Example: If \(a>1\), then \(\lim_{n\to\infty} \dfrac{1}{a^n} = 0\).
\[\dfrac{1}{(1+(a-1))^n} = \dfrac{1}{(1+b)^n} \le \dfrac{1}{1 + nb}\]Ex1 (squeeze theorem): \(\lim_{n\to\infty}a_n = \lim_{n\to\infty}b_n = L\), and \(a_n \le c_n \le b_n\), then \(\lim_{n\to\infty}c_n = L\).
\[\forall \varepsilon > 0, \exists N_a, N_b \in \mathbb{N} [n \ge \max(N_a, N_b) \implies L-\epsilon < a_n \le b_n < L + \epsilon]\] \[\forall \varepsilon > 0, \exists N_a, N_b \in \mathbb{N} [n \ge \max(N_a, N_b) \implies L-\epsilon < a_n \le c_n \le b_n < L + \epsilon]\]Ex: prove for any \(k \in \mathbb{N}\), and real number \(a > 1\), \(\lim_{n\to\infty} \dfrac{n^k}{a^n} = 0\)

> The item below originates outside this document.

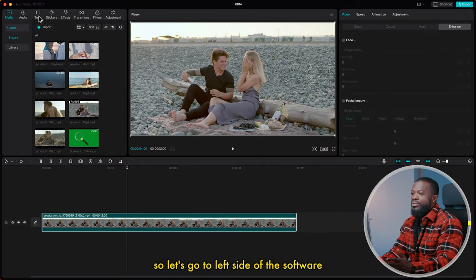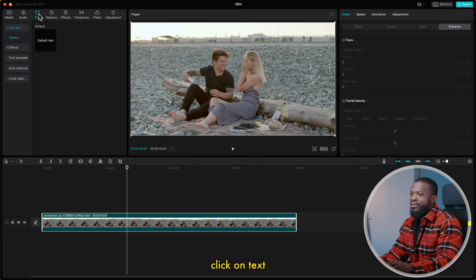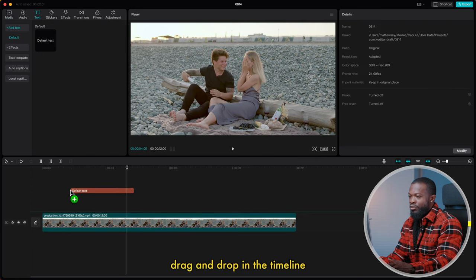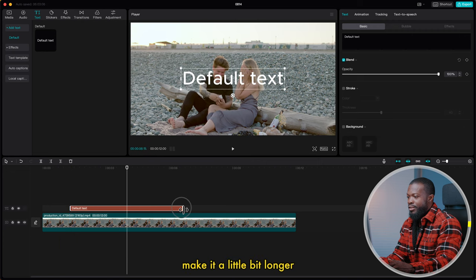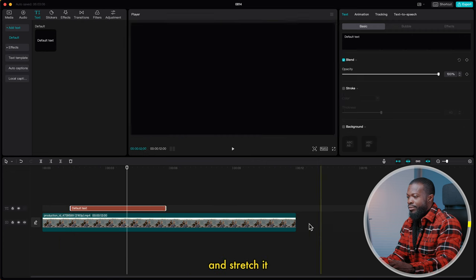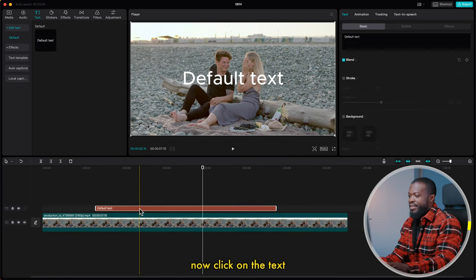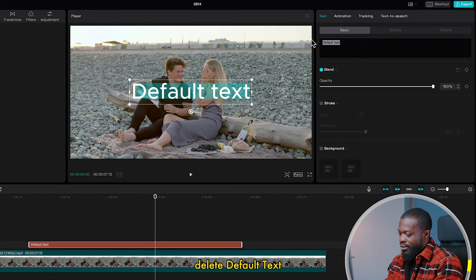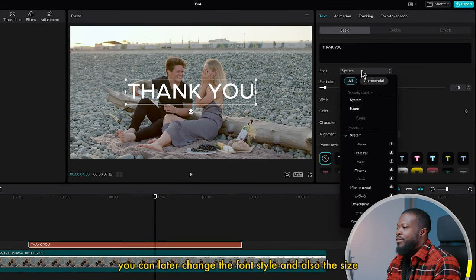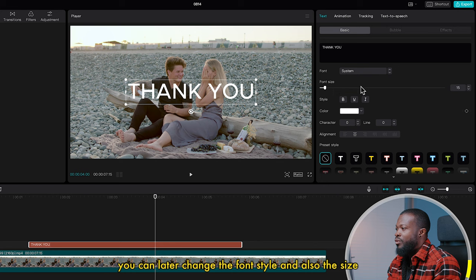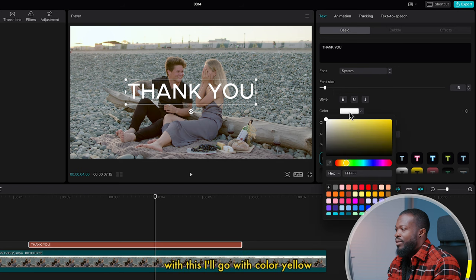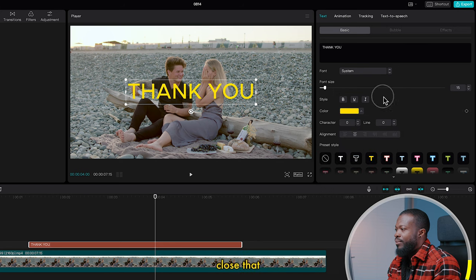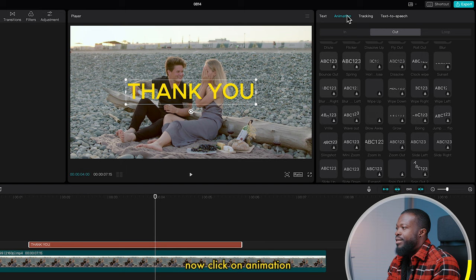Go to the left side of the software, click on Text, then select Default Text. Drag and drop it in the timeline, make it a little bit longer and stretch it. Now click on the text, go to the right side, delete the default text and type in your text. You can change the font style and also the size. I'll go with color yellow and close that.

Let \(a = 1+b\) where \(b > 0\).
\[\text{ for any } n > k+1, \quad a^n = (1+b)^n \ge \binom{n}{k+1}b^{k+1} \ge \dfrac{b^{k+1}}{(k+1)!} (n-k)^{k+1}\] \[0 \le \dfrac{n^k}{a^n} \le \dfrac{n^k}{(n-k)^k} \dfrac{1}{n-k} \dfrac{k!}{b^k}\]By squeeze theorem, we have \(\lim_{n\to\infty} \dfrac{n^k}{a^n} = 0\).
Monotone
(1) nondecreasingly monotone / increasing: \(\forall n \in N, a_n \le a_{n+1}\)
nonincreasingly monotone / decreasing: \(\forall n \in N, a_n \ge a_{n+1}\)
\[a_n \nearrow \quad a_n \searrow\](2) strictly increasing (resp. strictly decreasing)
\[a_n \nearrow\nearrow \quad a_n \searrow\searrow\]Theorem: (boundedness from above \(+ \nearrow \implies\) convergence)
Since it is boundedness from above, let \(L = \sup \{a_n\}\).
\[\forall \varepsilon> 0, L - \varepsilon \text{ is not upper bound}, \exists N \in \mathbb{N}, [n \ge N \implies a_n \ge a_{N} > L - \varepsilon]\]plus \(a_n \le L\), we have \(\vert a_n - L \vert < \epsilon\).
The Decimal Expression
Examples: (1) A decimal expression gives a real number.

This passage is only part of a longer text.